Cain did not admit wrongdoing as part of the settlements, the association said in 2011, and he has repeatedly denied the accusations.
The Washington Post reached out to three of the four women who in 2011 had accused Cain of sexual harassment. Sharon Bialek, who said Cain had reached beneath her skirt in 1997 and tried to pull her head toward his crotch, said Thursday that his record of harassment should disqualify him from the Fed post.
“I don’t wish him anything ill, but I don’t think he should be awarded this position,” Bialek said in her first public comment about Cain’s nomination. “Instead of being punished, Trump is rewarding him.”
She said she suffered years of “grief and anguish” following her accusation and had a difficult time getting a job because of the publicity.
“I just want him to admit what he did and apologize,” she said. “That’s the thing that still frosts me to this day.”
Two other women did not immediately respond. The fourth accuser remains anonymous. A White House spokesman declined to comment.

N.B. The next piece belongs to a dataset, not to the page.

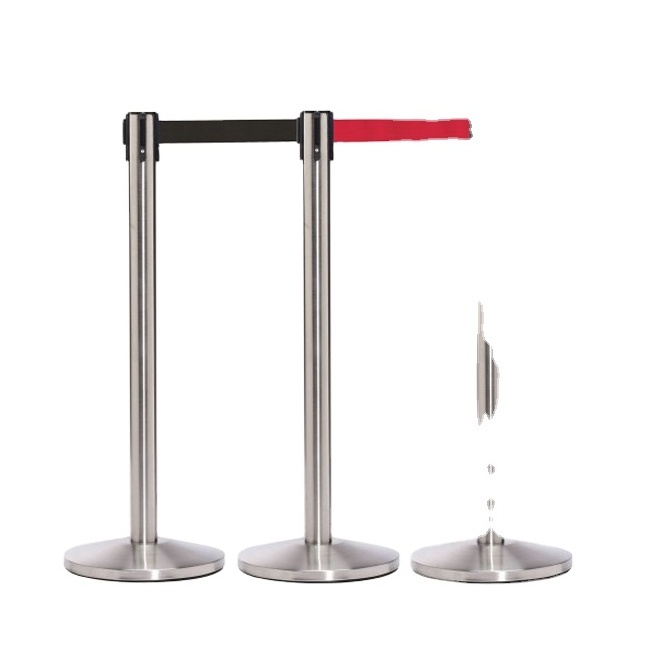 Black / Blue / Red 2M Retractable Belt Stainless Steel Queue Line Stand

Josh McKoon, a former Georgia state senator who has known Cain since the pizza magnate’s unsuccessful 2004 Senate bid, disputed the harassment allegations. He called them an “orchestrated political assassination” against a political novice whose “fresh ideas were really catching fire.”
Joel P. Bennett, formerly an attorney for one of Cain's accusers, pushed back against McKoon's characterization of the women's allegations. He noted that his client, Karen Kraushaar, filed her complaint with the National Restaurant Association in 1999 without publicity.
Reports of Cain’s impending nomination were met with mixed reaction in Congress.
Sen. Sherrod Brown (Ohio), the ranking Democrat on the Banking Committee, suggested Cain and Moore were both underqualified for the Fed board.
"I thought it was a joke at first when I heard that, but I guess it's at least as serious as Stephen Moore," he said. "I'll just leave it at that for now."
Sen. David Perdue (R-Ga.), another Banking Committee member, said he supported Cain. "I think he'd be a great addition; he's a business guy, he's got a great background for it. I know him personally. I think, personally, he'd be a great addition."
Both Moore and Cain have positions that fall outside a bipartisan mainstream sentiment about the Fed’s role and practices, including advocating a return to the gold standard.
Moore has been criticized for his lack of knowledge of monetary policy, especially when he said the Fed should raise interest rates in 2008 during the severe downturn. He has also been ridiculed for claiming the United States is experiencing deflation, a claim contradicted by federal data.
Cain has called for an additional audit of the Fed’s monetary policy decisions, a proposal many central bankers and economists have said would compromise the Fed’s independence. Cain has also said he doesn’t think the Fed’s dual mandate to keep unemployment low and inflation under control makes sense.
“We’ve had good Fed governors in the past who were not economists,” said David Wessel, director of the Hutchins Center on Fiscal and Monetary Policy at the Brookings Institution. “But these two potential nominees have rather bizarre economic views and don’t seem to be the kind of people who would strengthen the quality of decision-making.”
But some analysts suggested the Fed could benefit from an injection of heterodox thinking. The central bank’s interest rate committee voted unanimously in December to raise rates, the fourth increase of 2018. Some investors and economists now say that decision was a mistake, one that could have been avoided with more internal debate.
“There should be a diversity of views inside the Fed,” said Andrew Levin, a Dartmouth University professor and former Fed economist. “Not a single person dissented on the December decision to hike.”
A Fed spokesman declined to comment.